Unfortunately, I don’t have enough test-points on my PCB to find any event that accompanies the noise. Noise like this doesn’t magically appear—there is always a source. Additional test points might allow me to see a correlation between the noise and the SPI or UART lines, or the wall wart power supply, or perhaps the fluorescent lights near my desk. I investigated a noise source once that turned out to coincide with the building’s AC compressor motor.
If this board was ever meant for production, I would certainly need to find out what's going on. If the noise occurs every time an SPI transaction or UART transmission occurs (it doesn’t), then the noise doesn’t really matter since the sensor measurement does not occur during those times.
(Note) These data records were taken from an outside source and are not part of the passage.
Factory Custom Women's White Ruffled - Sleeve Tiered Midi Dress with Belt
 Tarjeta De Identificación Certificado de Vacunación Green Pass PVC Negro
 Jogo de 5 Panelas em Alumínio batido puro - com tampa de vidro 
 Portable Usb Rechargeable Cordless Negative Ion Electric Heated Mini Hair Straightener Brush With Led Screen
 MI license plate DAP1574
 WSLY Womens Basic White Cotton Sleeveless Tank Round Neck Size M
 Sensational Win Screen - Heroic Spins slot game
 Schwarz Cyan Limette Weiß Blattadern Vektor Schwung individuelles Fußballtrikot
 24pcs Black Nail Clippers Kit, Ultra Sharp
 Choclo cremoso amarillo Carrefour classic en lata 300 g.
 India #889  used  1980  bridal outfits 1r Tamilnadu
If the noise occurs during the SAR data acquisition phase, it’s going to be a big problem. The next article in the series will present data captured by the device in greater detail. The resolution of the data was such that this noise was clearly not affecting the sensor in any meaningful way.
The test points that I did include on the board showed that the noise on the PCB was quite low. While I did detect a spurious event on VREF, I could not locate where it originated. If I were to redesign the board, I would provide more taps, and coaxial taps to watch sensitive aspects of the board (such as the inclinometer outputs and the VREF inputs).